■ **Problem requirements**
Output the full listing below exactly as it reads, and skip anything that is a picture.

[Material provided — start]

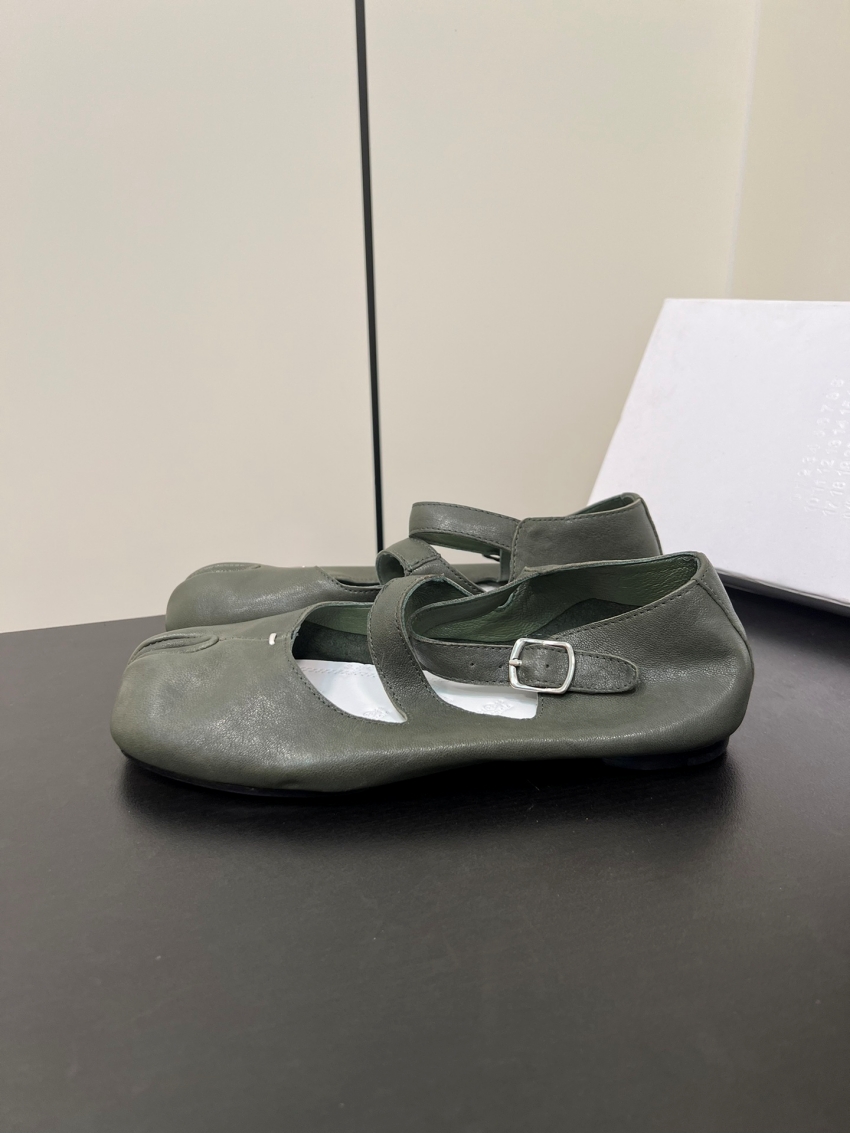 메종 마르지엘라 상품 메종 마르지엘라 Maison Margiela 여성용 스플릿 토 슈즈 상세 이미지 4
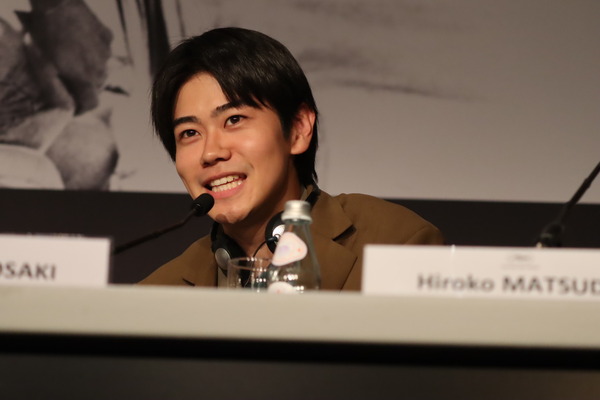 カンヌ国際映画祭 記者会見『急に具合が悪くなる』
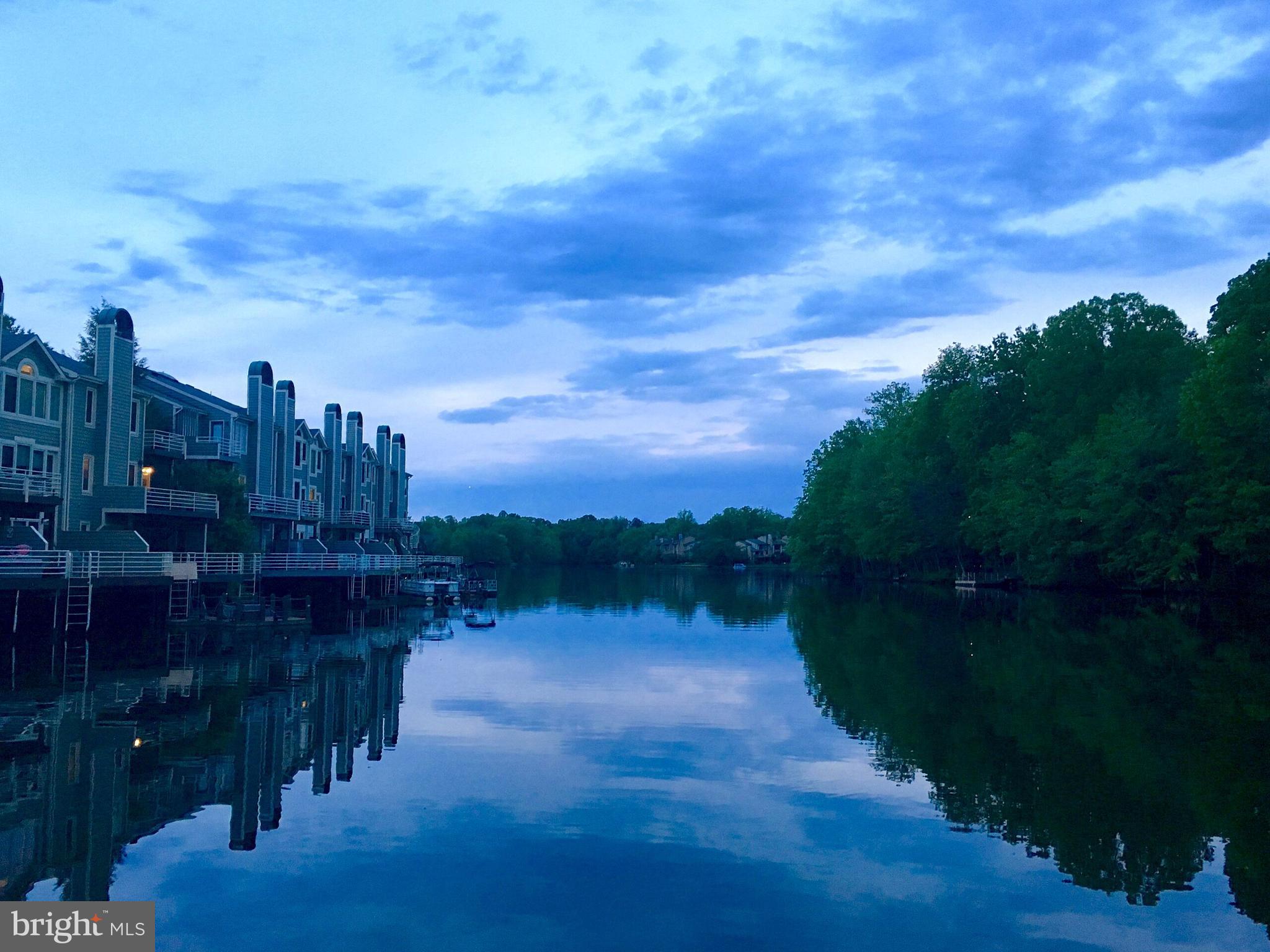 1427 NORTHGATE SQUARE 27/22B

[Material provided — finish]

■ **Completed exercise**
 메종 마르지엘라 상품 메종 마르지엘라 Maison Margiela 여성용 스플릿 토 슈즈 상세 이미지 4
 カンヌ国際映画祭 記者会見『急に具合が悪くなる』
 1427 NORTHGATE SQUARE 27/22B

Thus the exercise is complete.